The glucosides-anthocyanins included delphinidin-3-O-glucoside, cyanidin-3-O-glucoside, petunidin-3-O-glucoside, peonidin-3-O-glucoside and malvidin-3-O-glucoside. Acetyl-glucosides included delphinidin-3-O-acetylglucoside, petunidin-3-O-acetylglucoside, peonidin-3-O-acetylglucoside and malvidin-3-O-acetylglucoside. Coumaroyl-glucosides grouped petunidin-3-O-coumaroylglucoside, peonidin-3-O-coumaroylglucoside and malvidin-3-O-coumaroylglucoside. At bottling time T1, the Lagrein red wine had the highest concentration of anthocyanins compared to Merlot and St. Magdalener. The total anthocyanins content of Lagrein was almost double that of Merlot, whereas non-acylated anthocyanins in Lagrein were about 265 mg L⁻¹ compared to about 160 mg L⁻¹ for Merlot and about 142 mg L⁻¹ in St. Magdalener. Acetylated and coumaroylated anthocyanins were also present in higher concentrations in Lagrein red (86 mg L⁻¹ and 27 mg L⁻¹, respectively), followed by Merlot (48 and 19 mg L⁻¹, respectively) and St. Magdalener (29 and 13 mg L⁻¹, respectively). Rosé wine produced from Lagrein had a predictably much lower concentration of anthocyanins (non-acylated, about 28 mg L⁻¹; acetylated, about 14 mg L⁻¹; coumaroylated about 7 mg L⁻¹) compared to the three red wines, due to the shorter maceration time. Nonetheless, in all four wines the sum of the three classes and thus the total amount of identified anthocyanins showed a clear decrease over the storage period. The reduction of the phenolic content during the bottle storage is generally ascribed to polymerization, oxidation and complexation reactions [25,26,27]. In this case the dissolved oxygen present in the four wines (Table 3) was low already just after bottling (0.15–1.7 mg L⁻¹ in red and 1.4–3.1 mg L⁻¹ in rosé wine) and varied slightly during 12 months of storage.

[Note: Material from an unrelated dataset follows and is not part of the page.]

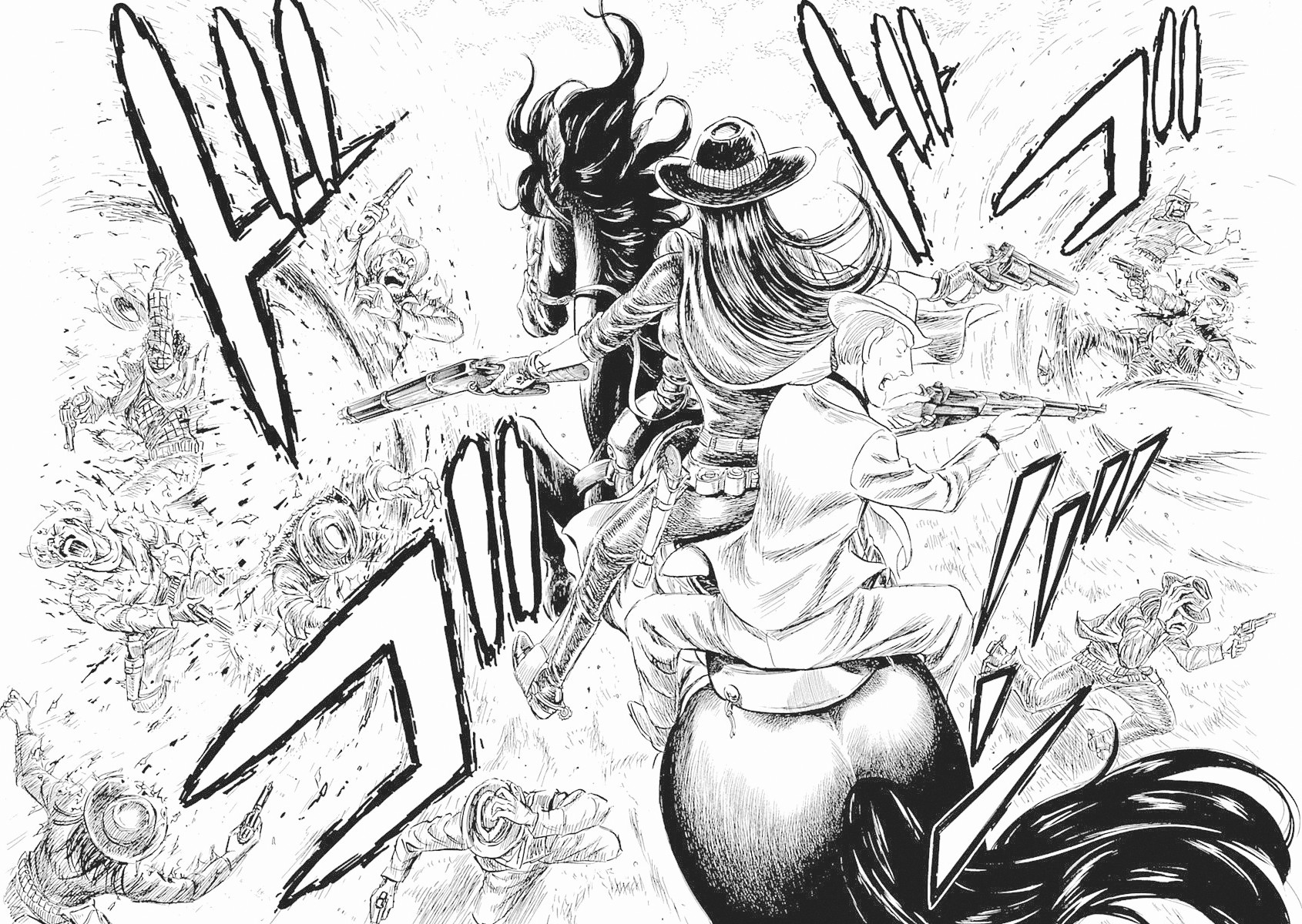 Black Tiger Chapter 3 page 40 - Chapter 3: The Gunman in the Ocean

2.2. Effect of the Type of Stopper and Storage Time on the Phenolic Profile

Two-way ANOVA was performed to assess the influence of the type of stopper and the bottle storage time on the phenolic composition of the four wines. The results showed that the storage time (F storage time) significantly influenced the phenolic concentration (Table 1 and Table 2). Notably, GRP and anthocyanin glucosides, acetyl-glucosides and coumaroyl-glucosides in Lagrein rosé (F = 8570; 34,170; 20,423 and 10,927, respectively); caffeic acid, GRP and glucoside in Merlot (F = 3435; 3263 and 3435, respectively); GRP, glucosides and acetyl-glucosides in St. Magdalener (F = 2861; 4767 and 2971, respectively); and p-coumaric acid in Lagrein (F = 4297) were strongly affected by the storage period. On the other hand, the influence of the type of stopper at each sampling time (F stopper) a significantly affected the phenolic compounds only in a few cases.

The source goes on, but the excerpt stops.